**Work task**
Of the lines in the material below, print only those from the one containing "Apple iPhone 7 0" to the one containing "Pacienţii Spitalului din", ends included, exactly as written and without pictures.

**Data for review**
+++

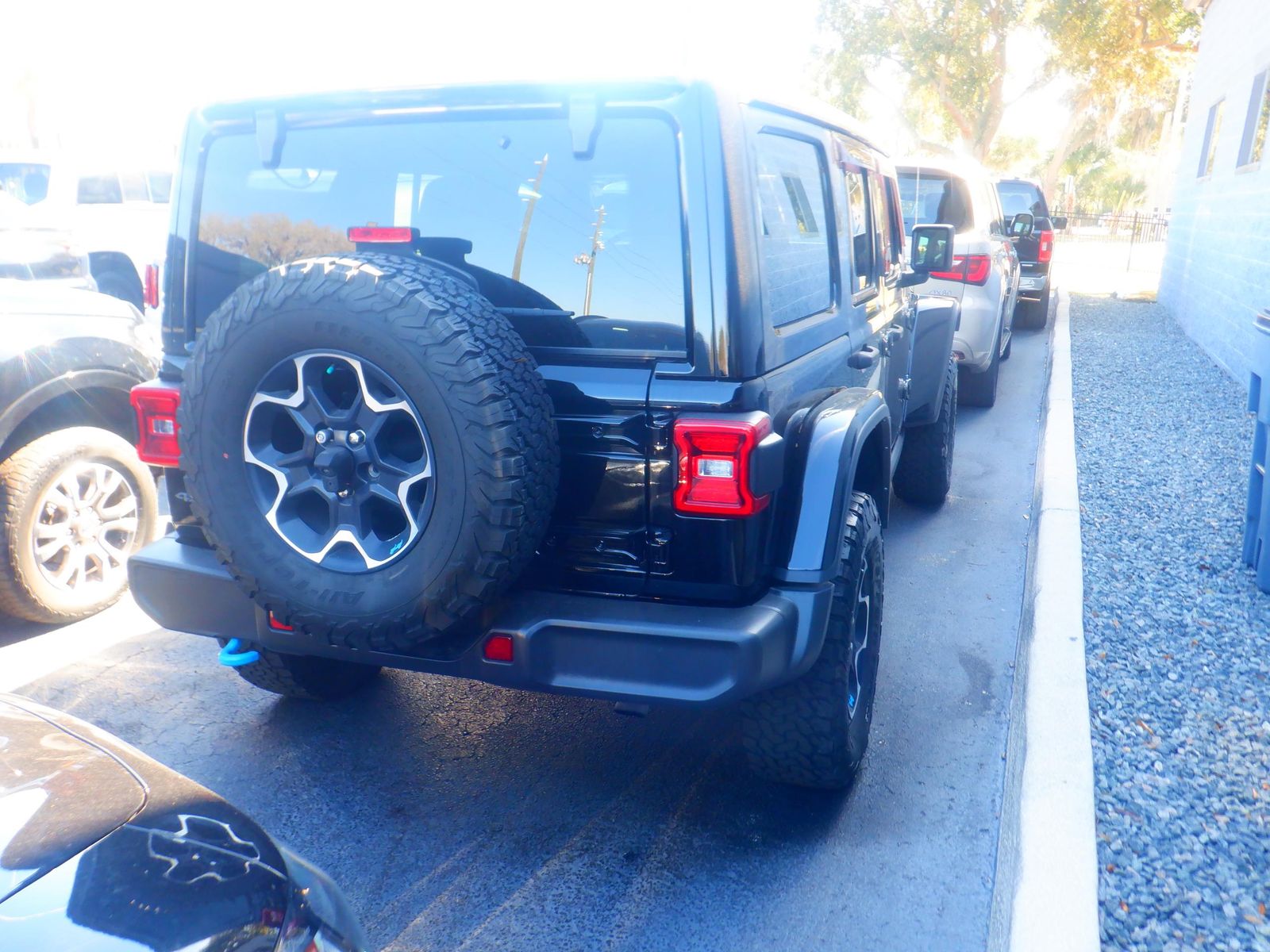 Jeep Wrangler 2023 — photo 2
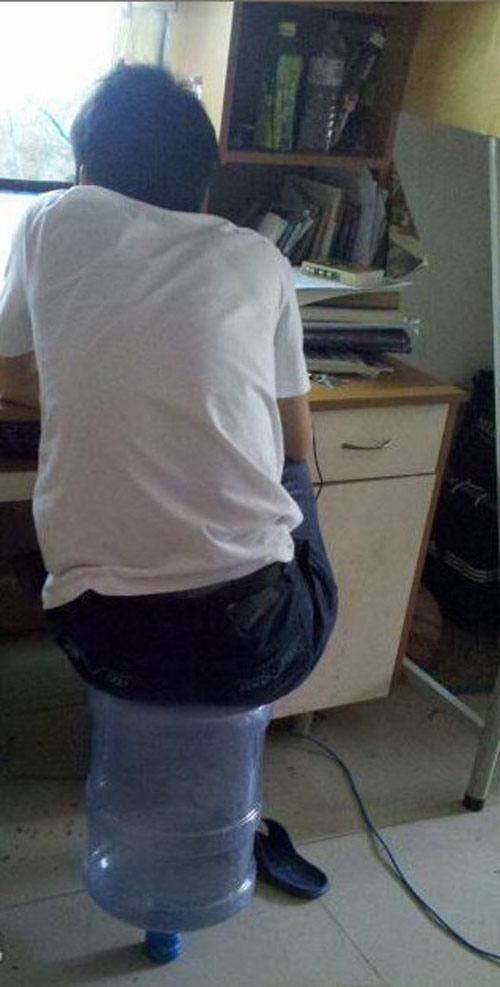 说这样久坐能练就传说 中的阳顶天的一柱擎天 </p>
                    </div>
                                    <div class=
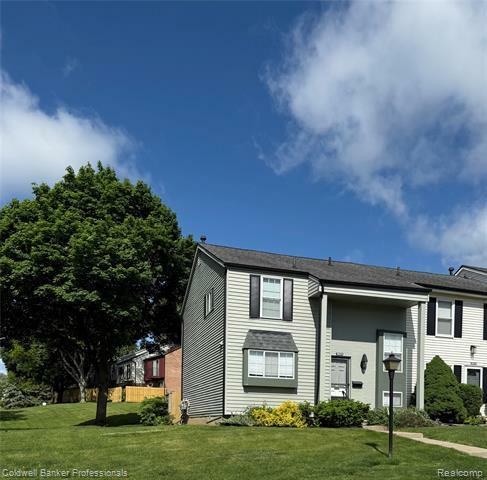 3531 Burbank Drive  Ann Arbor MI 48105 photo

+++

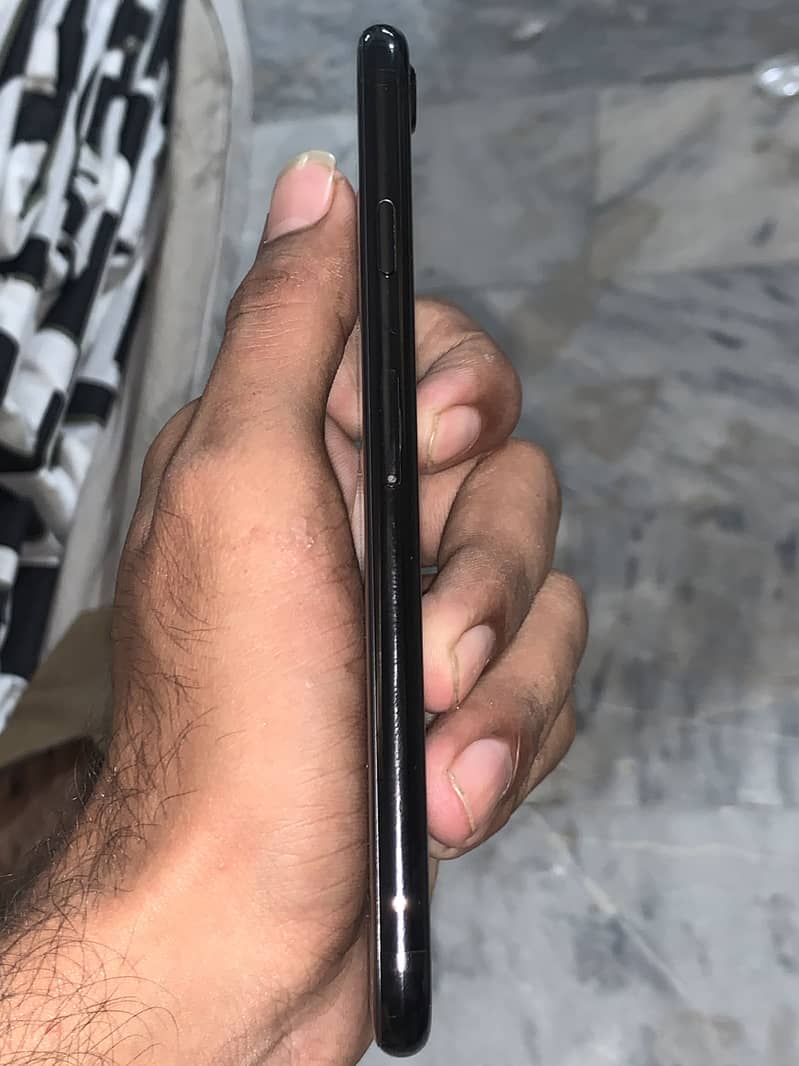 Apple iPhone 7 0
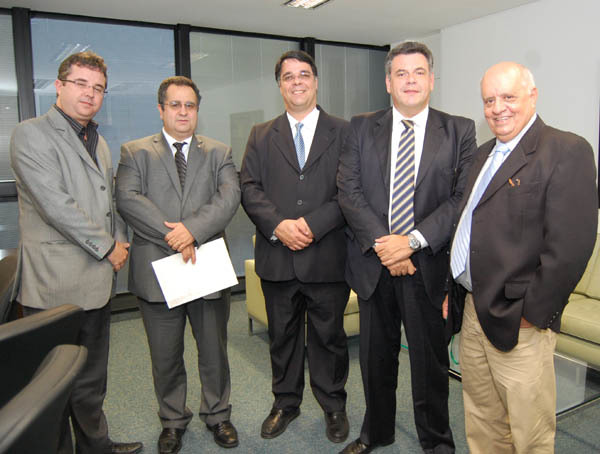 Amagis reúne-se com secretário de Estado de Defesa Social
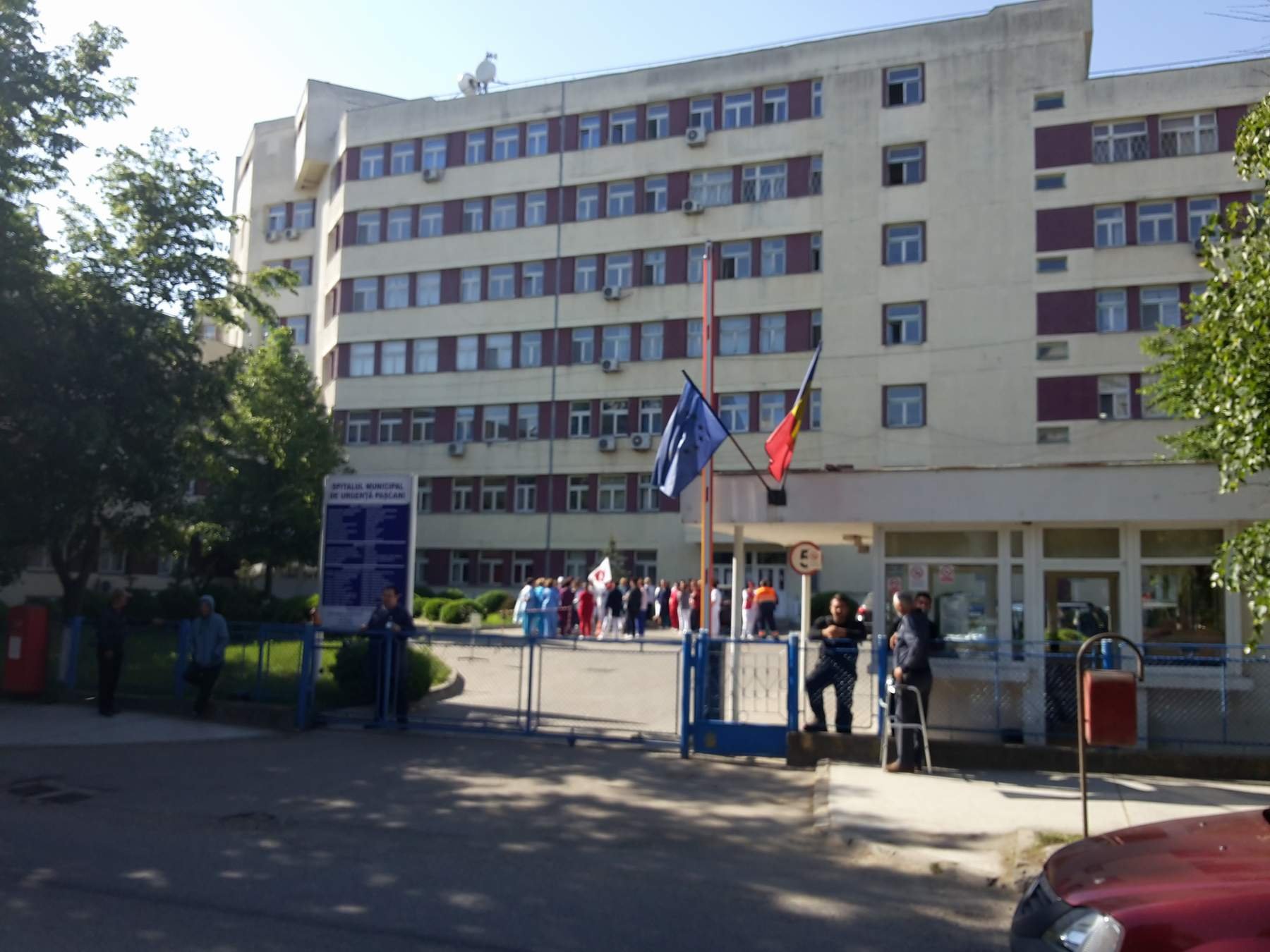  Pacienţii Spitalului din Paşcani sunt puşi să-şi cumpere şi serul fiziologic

+++

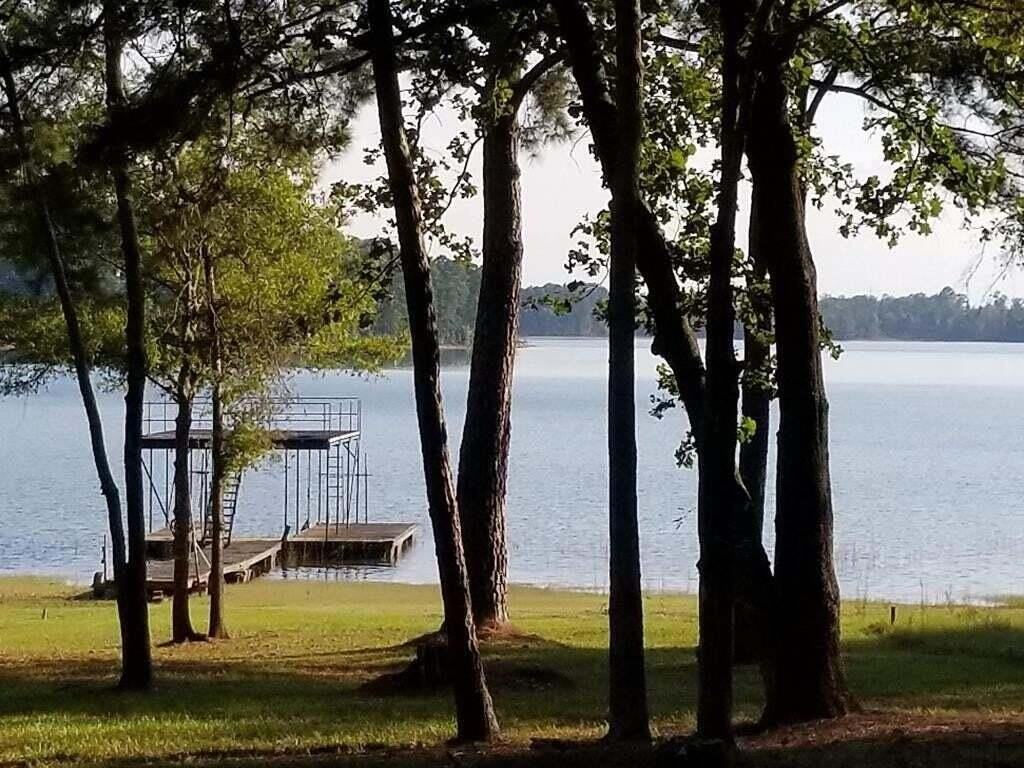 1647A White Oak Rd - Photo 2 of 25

+++

**Solution to this problem**
 Apple iPhone 7 0
 Amagis reúne-se com secretário de Estado de Defesa Social
  Pacienţii Spitalului din Paşcani sunt puşi să-şi cumpere şi serul fiziologic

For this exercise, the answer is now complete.